O primeiro deles é o PL 6189/13, que estabelece um novo marco legal para o setor, com a regulamentação do compartilhamento de infraestrutura pelas operadoras de celular. O projeto também fixa prazo máximo de 60 dias para que as prefeituras emitam as licenças para a instalação de novas antenas.
Caso esse prazo não seja cumprido, o licenciamento será tácito e ficará automaticamente concedido. A proposta ainda reduz a zero as alíquotas de PIS/Pasep e Cofins para serviços de celular pré-pago e para a interconexão de redes de telefonia, reduzindo, assim, o custo das ligações entre celulares de operadoras diferentes.

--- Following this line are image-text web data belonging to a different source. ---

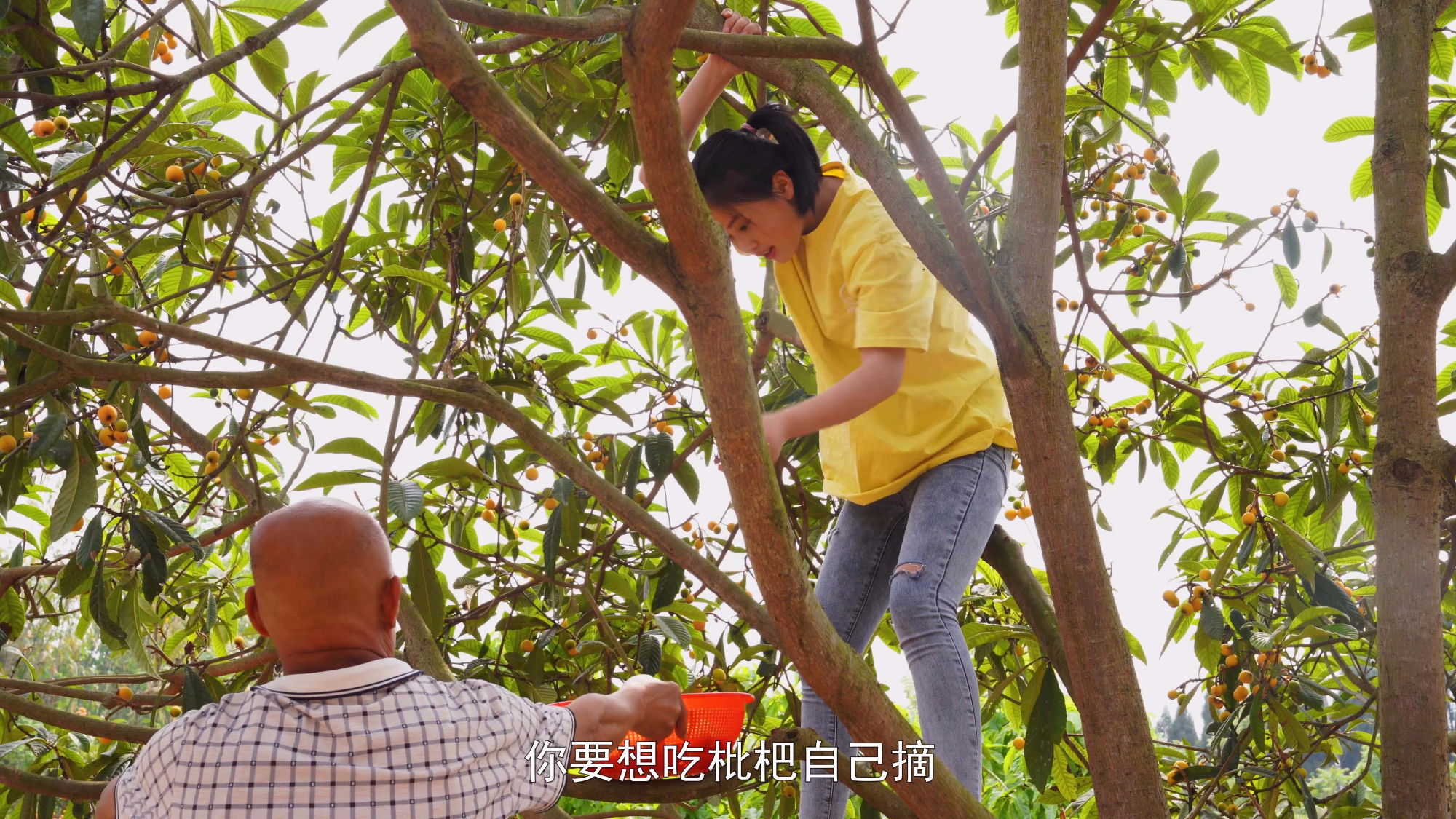 邻居家的枇杷无暇打理,天天被鸟儿无情偷吃,实在看不下去了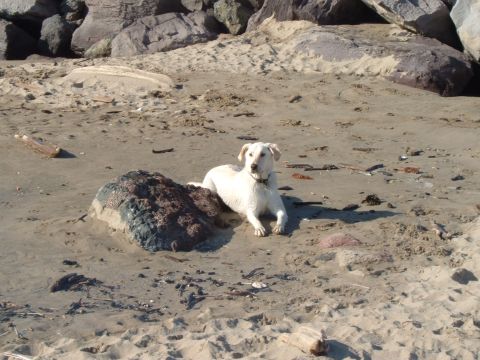 2000 Ford F-250 - A white dog rests on a sandy beach, with large rocks and ocean debris scattered around.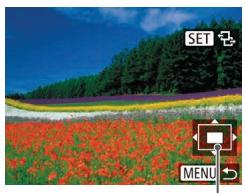 LEXAR 4294750 - Agrandissement des images - 2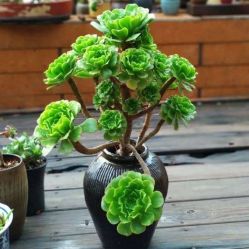 -Oasis Beauty水磨坊科技美肤中心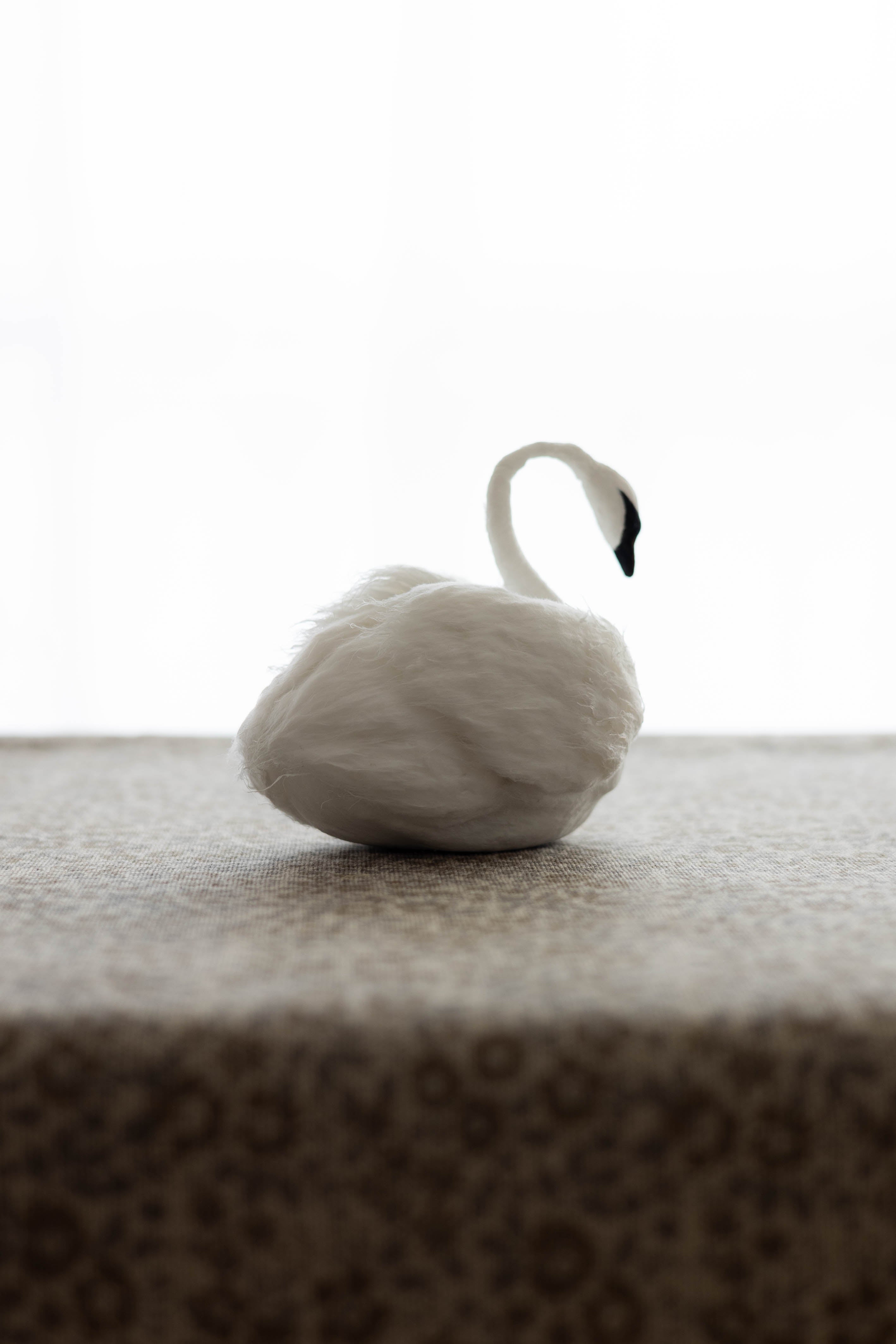 Swan No.002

O texto também determina que os fundos setoriais do setor de telecomunicações só arrecadem no exercício fiscal subsequente o que foi usado no ano anterior. O segundo projeto apresentado pelo grupo é o PL 6791/13, que obriga as operadoras de telefonia fixa a oferecer aos usuários um plano sem a cobrança de assinatura básica mensal. O terceiro, PL 6791/13, permite à Anatel trocar os valores das multas cobradas das empresas por compromissos de investimentos em infraestrutura de telecomunicações em municípios com baixo índice de desenvolvimento humano. Por fim, Carlos Magno pediu a aprovação do Projeto de Lei Complementar 356/13, que reduz a cobrança do ICMS cobrado das empresas de telecomunicações.